When I grew a bit (yes, I keep on growing), ‘Parle G’ was still with me. During student life I could afford it simply because it was very cheap – one and half rupee cost of one packet – which contained 14 biscuits. I had number of breakfasts, lunches and dinners with just this biscuit and tea. One of my childhood dreams was to have a full pack of ‘Parle G’ biscuits; all for myself. Later in life, I have ample money, but during many travels I can’t eat junk food, oily food, dirty food, spicy food, hot food……. and so I still continue with ‘Parle G’ and tea. It is my all time favorite meal.
I like chocolates too. So, when chocolate biscuits arrived on the scene, I happily consumed them. ‘Hide and Seek’ was one of the best I ever liked. The chocolate in these biscuits is consistent and is well mixed. It was a blessing … because by this time I had realized that I did not always like tea. If you have ever tested railway tea, you would naturally give up tea very easily. In a way, you are forced to give up tea. Samnyasa is not very difficult in this world … it is easier to leave many things rather than living with them. So, life went on without tea and with sufficient ‘Hide and Seek’ in the travel bag.
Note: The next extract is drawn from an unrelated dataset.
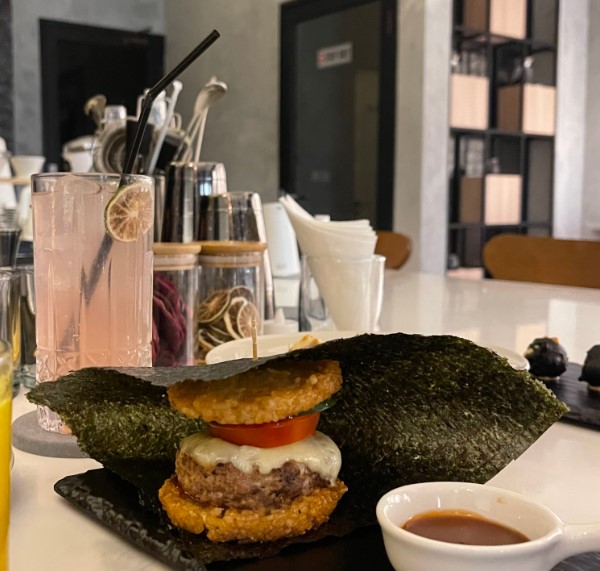 Second Space Indonesia Bella Arabella Tandiono, 1. Kopi Nako, 2. Simetri Coffee Roasters Bekasi, 3. Excelso Summarecon Mall Bekasi, 4. Greyhound Cafe (Restoran Thailand), 5. Fat Bubble, 6. Peleton Bike &amp; Cafe, 7. Janji Jiwa La Terazza Summarecon Bekasi, 8. Fore Coffee – Summarecon Mall Bekasi, 9. Second Space Indonesia, 10. Kaizen Heritage, 11. Feel Matcha – La Spezia BCBD, 12. Brewok’s Cafe, 13. PAUL Le Café SMB
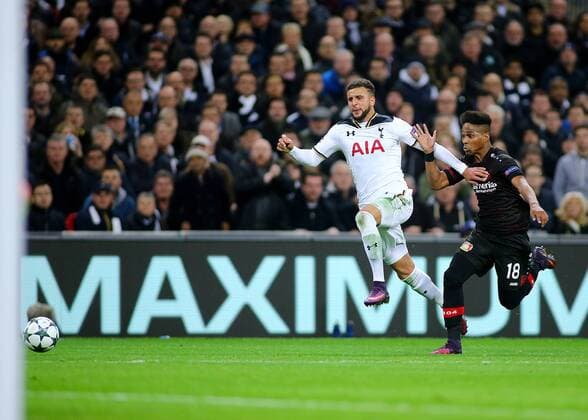 02.11.2016. Wembley, London, England. UEFA Champions League Football. Tottenham Hotspur versus Bayer Leverkusen. Tottenham Hotspur Defender Kyle Walker feels pressure from Bayer Leverkusen Defender Wendell during a Tottenham attack xMarkxKertonx  ActionPlus11806963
But something has gone wrong over last few months. I don’t remember when and why I stopped purchasing biscuits (for no apparent reason). No, I am not health maniac; I am not bothered about calories. Gaining and loosing weight happens naturally, I do not waste conscious life into it.
This has created a big problem for me; as during travels I do not understand what to eat. I keep on postponing decision about eating and end up in unplanned (and irreligious) fasts. I purposely purchased one ‘Hide and Seek’ pack about three months ago, but I have not opened it till today.
Whether my mind is rejecting biscuits or my body – I cannot definitely tell. Is the law of diminishing returns working now? Have I over- consumed, so that there is nausea? Is this one more state of ‘na iti, na iti’ (not this, not this) but not clearly understanding what it is that I want? Is there some other confusion at subconscious level and not wanting ‘Hide and Seek’ is just an outward expression? What is the barrier? What do I need to break? What do I need to overcome?
The World seeks nothing. The World hides nothing.
It is only that I do not know what I seek and what I hide.